WORK ORDER
Could you retype exactly the line containing "Video by pixote" and every line after it in the data below, leaving out the pictures?

MATERIAL FOR THE TASK
_ _ _ _

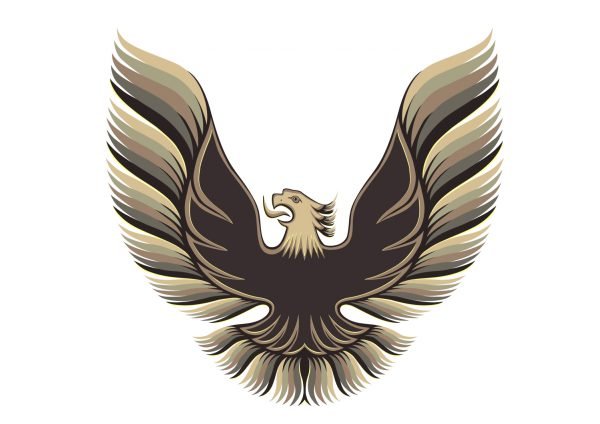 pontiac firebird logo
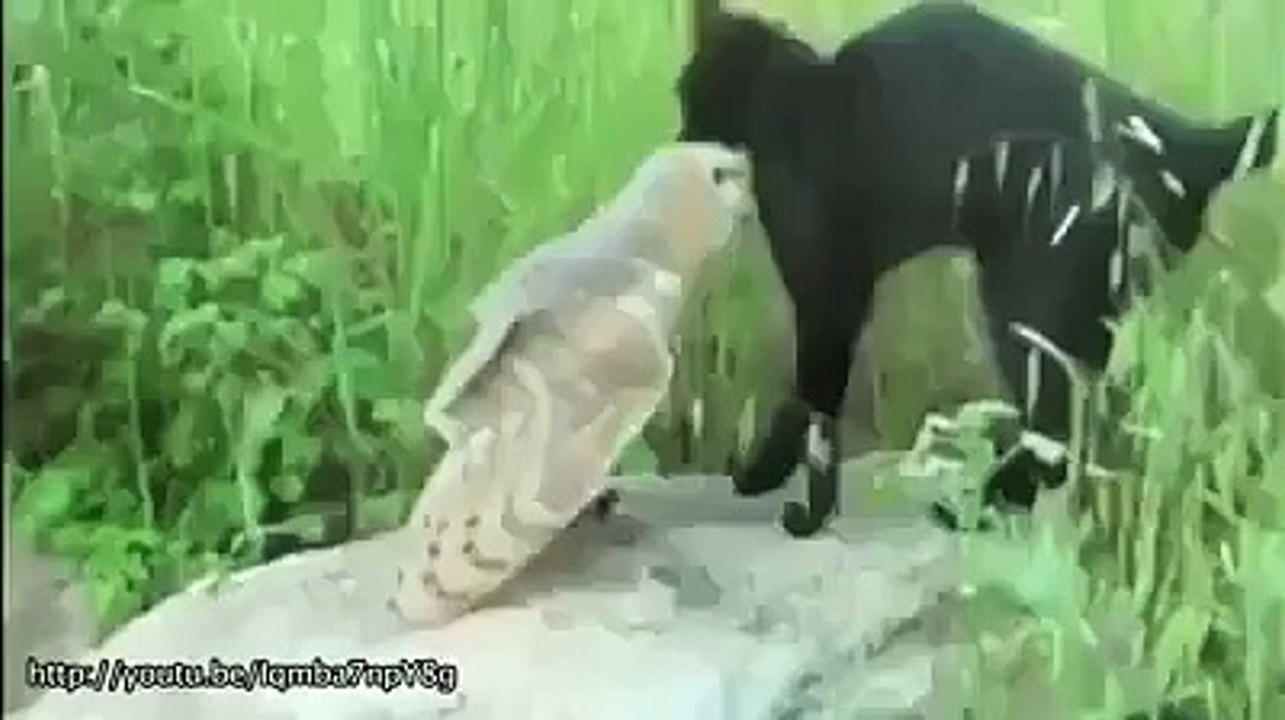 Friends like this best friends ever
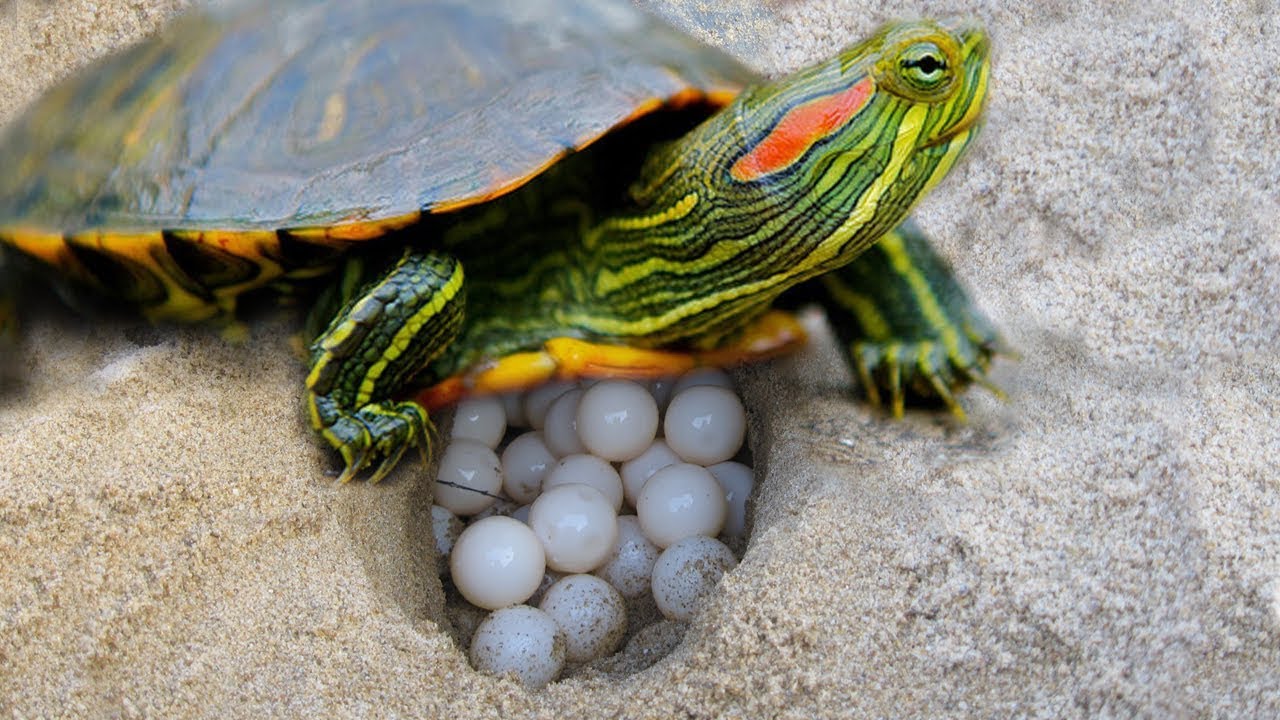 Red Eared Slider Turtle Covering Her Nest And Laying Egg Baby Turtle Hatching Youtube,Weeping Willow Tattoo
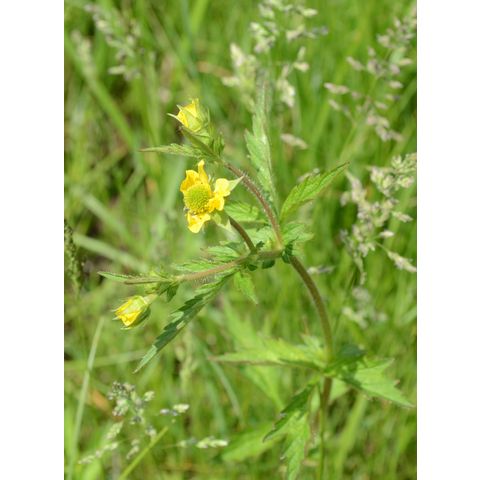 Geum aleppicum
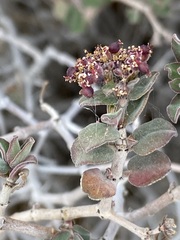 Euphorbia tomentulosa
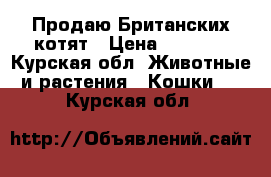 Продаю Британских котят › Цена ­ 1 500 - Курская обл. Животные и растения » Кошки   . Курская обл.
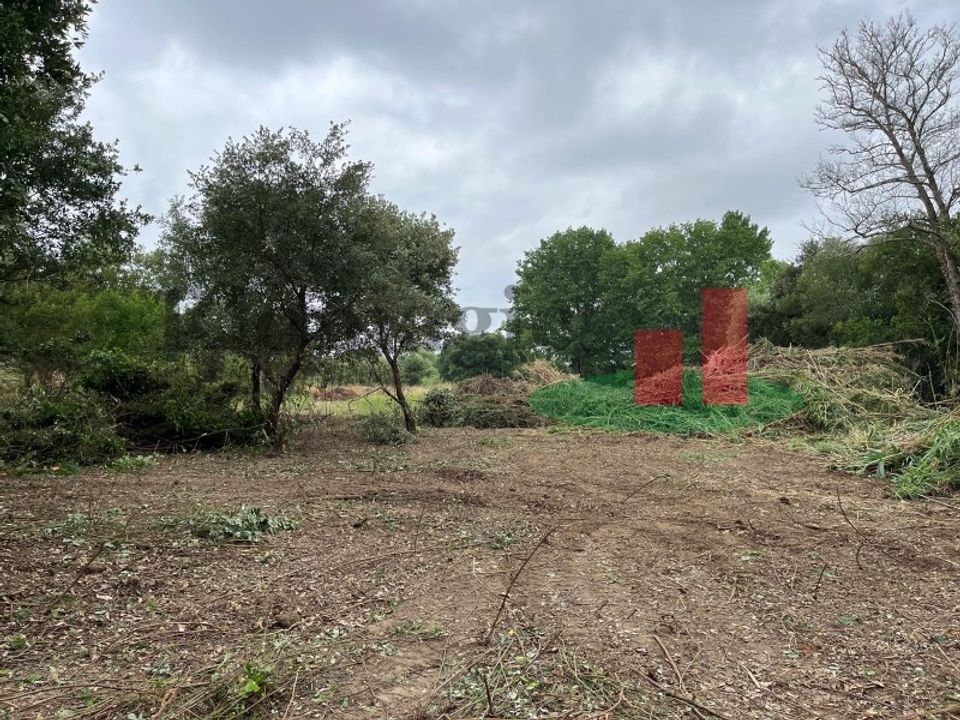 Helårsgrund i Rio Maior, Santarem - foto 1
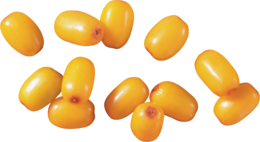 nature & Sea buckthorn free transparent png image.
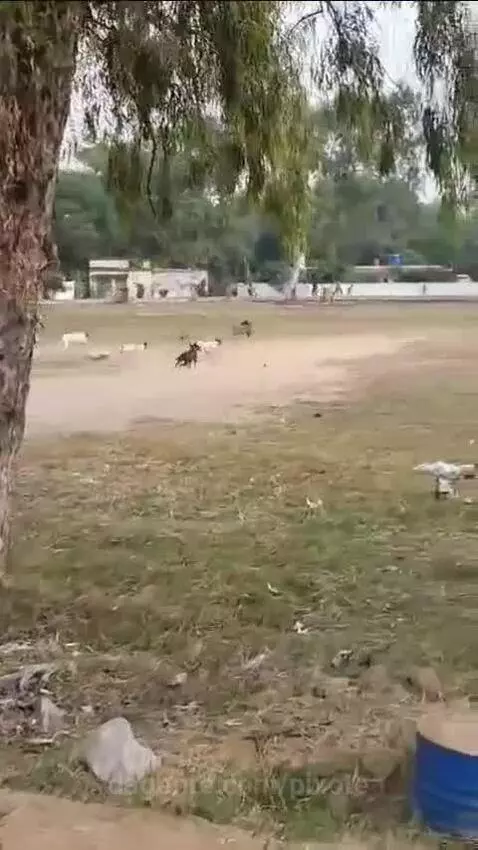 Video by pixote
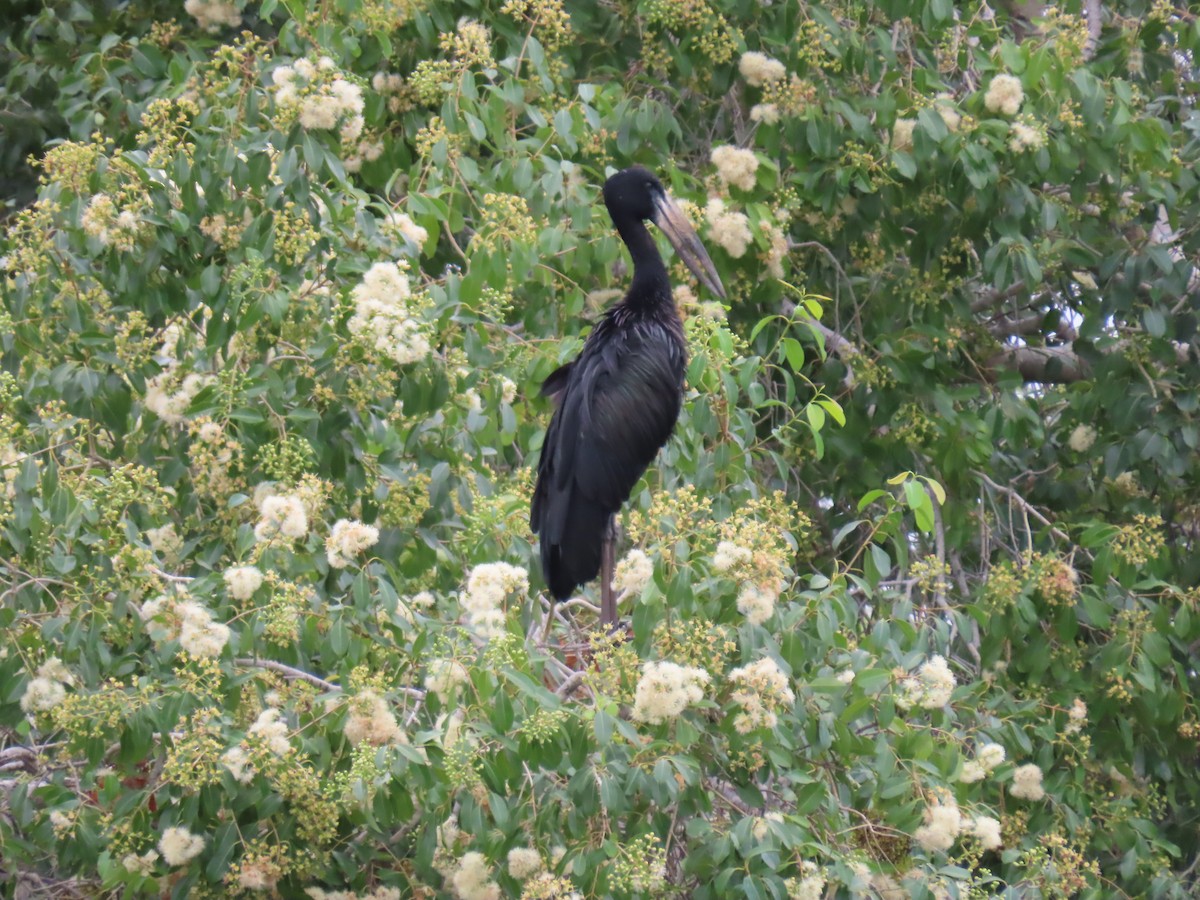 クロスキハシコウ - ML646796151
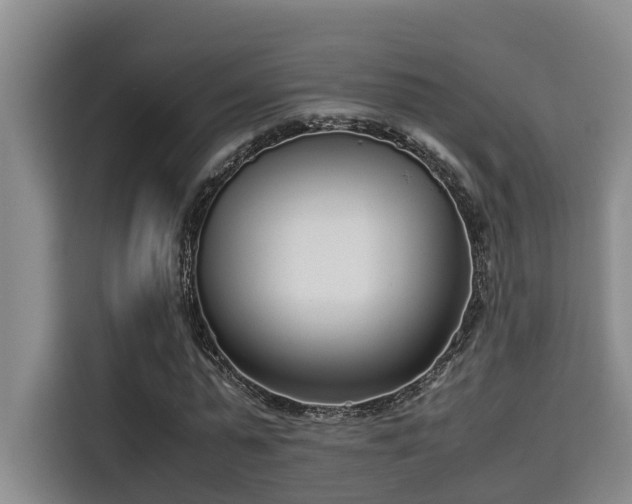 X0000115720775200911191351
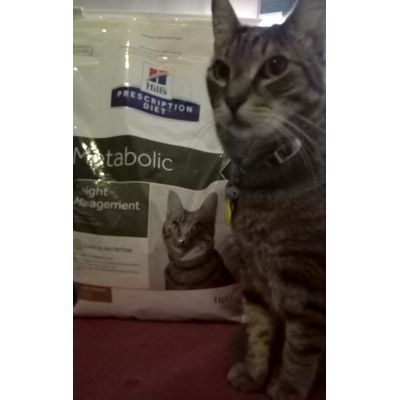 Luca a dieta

_ _ _ _

RESULT OF THIS EXERCISE
 Video by pixote
 クロスキハシコウ - ML646796151
 X0000115720775200911191351
 Luca a dieta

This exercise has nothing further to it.